Military cooperation between these sworn adversaries, Iran and the United States, has been a complicated and controversial issue that neither side has been willing to entertain, much less publicize. Observers have had to fine-tune their analytical dials amid an array of mixed signals from both sides.

Iran has indirectly cooperated with the U.S. by supporting Shia and Kurdish Peshmerga militants in their fight against the Islamic State. Earlier this month, Iran’s Ayatollah Khamenei reportedly authorized Gen. Qasem Soleimani, commander of Iran’s elite Quds Force, to work with the U.S. against the terrorists in Iraq. Iran later denied that report and has since been much more critical of the United States.

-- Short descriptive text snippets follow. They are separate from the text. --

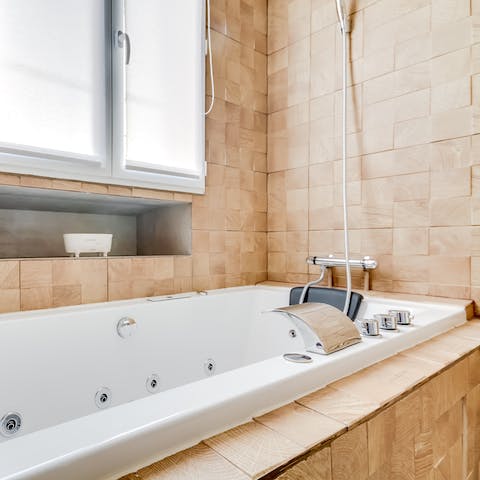 Relax sore muscles in the jacuzzi tub, setting the lights according to your mood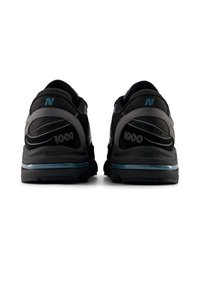 Μαύρα αθλητικά παπούτσια με γκρι λεπτομέρειες, διαθέτουν μαλακή σόλα και υφασμάτινη υφή. Η φτέρνα φέρει την ένδειξη "1000" και ένα λογότυπο σε μπλε χρώμα.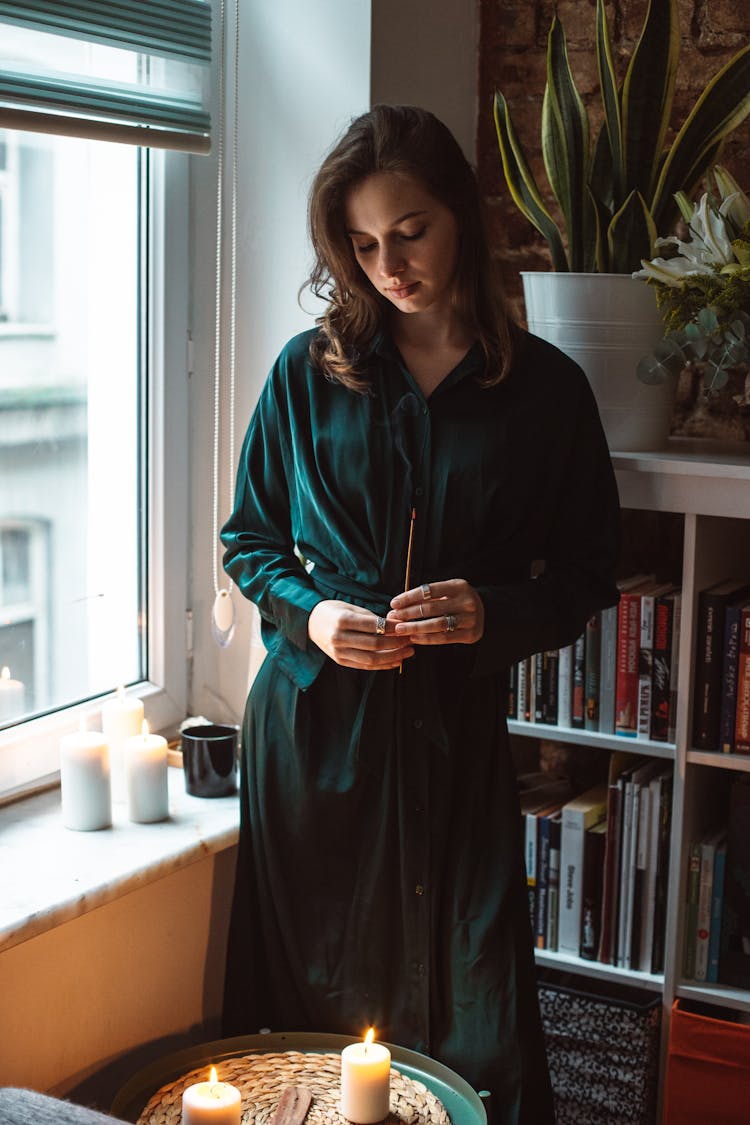 Woman In Dress Lighting Candles At Home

Last week, Khamenei clarified that Iran would not cooperate with the United States against the Islamic State, saying America’s “hands were dirty and intentions murky.” Iranian President Hassan Rouhani derided U.S. strategy as “ridiculous.”

As far back as June, U.S. Secretary of State John Kerry spoke of the possibility of working with Iran. He said the U.S. was “open to discussions” with Iran and that it “would not rule out anything.” But Kerry responded to questions raised by Sen. Marco Rubio at a Senate Foreign Relations Committee hearing on September 17 by insisting that he “never said anything about coordinating” with Iran or Syria. But, he said, “If we are failing and failing miserably, who knows what choice they might make” in an effort to “take on [the Islamic State].” Two days later, Secretary Kerry said at a United Nations Security Council meeting on Iraq that “there is a role for nearly every country in the world to play, including Iran.”

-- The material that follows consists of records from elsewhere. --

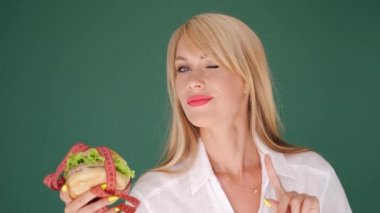 Kadın hamburgere bakıyor ve yeşil arka planda abur cuburu yasaklıyor.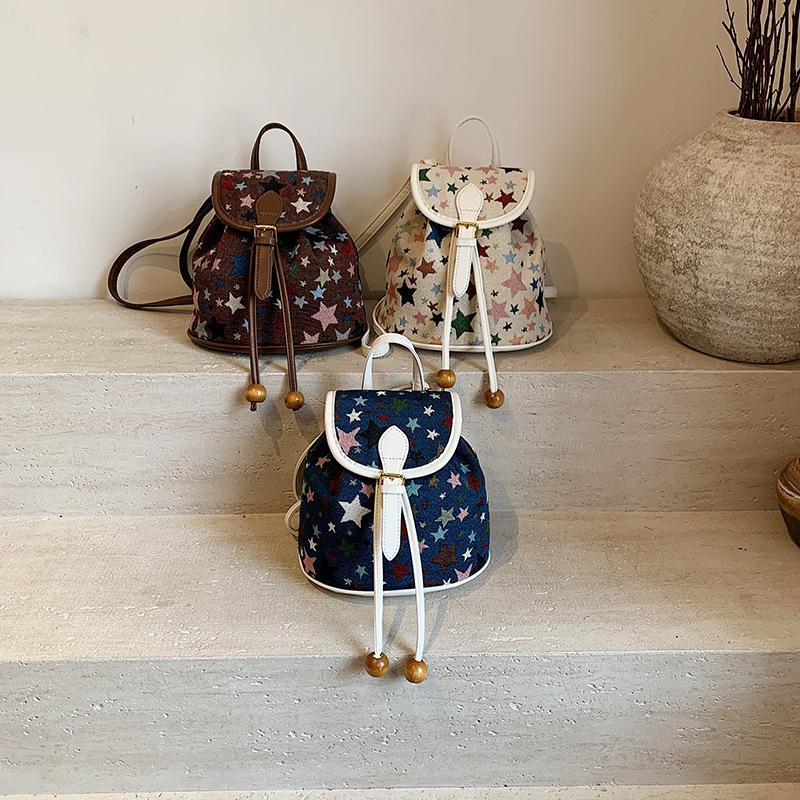 Сумка 2025 новая корейская версия модный принт повседневный для поездок на работу маленький школьный рюкзак женский в зарубежном стиле универсальный дорожный рюкзак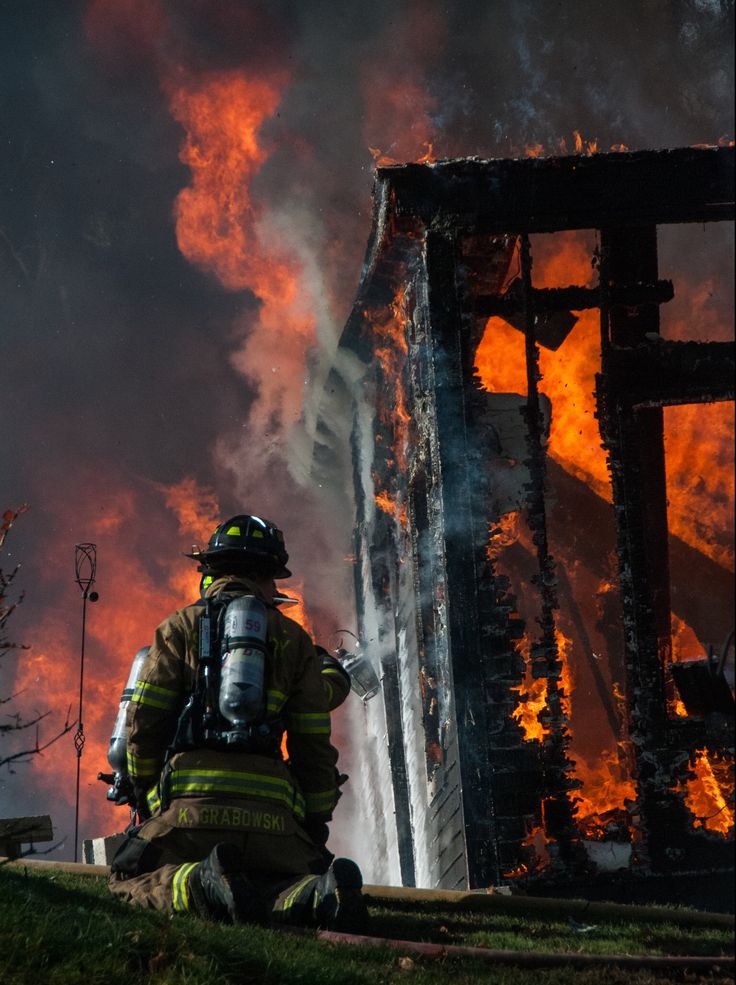 a firefighter squatting down in front of a building that has been consumed by flames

The murkiness surrounding United States-Iran cooperation shows just how much leverage Iran can wield in nuclear negotiations when it comes to fighting the Islamic State.

But as Commentary magazine’s Jonathan Tobin wrote on September 3, “The U.S. doesn’t have to choose between an [Islamic State]-run Iraq and a nuclear Iran. Both are disasters that must be averted at all costs.” Tobin concluded, “Strong American leadership could rally the world behind the fight against [the Islamic State] and efforts to isolate Iran until it renounces its nuclear ambitions forever. Unfortunately, that appears to be the one thing lacking in Washington these days.”

Indecisive action on Iraq, Syria and Iran is haunting America and empowering some of the nation’s fiercest enemies. We can expect these effects to continue getting worse, as our Trumpet Daily program “America Urges Mortal Enemy to Save Iraq” explains. In reality, this situation is certain to deteriorate until God intervenes to impose permanent world peace and cooperation among all nations.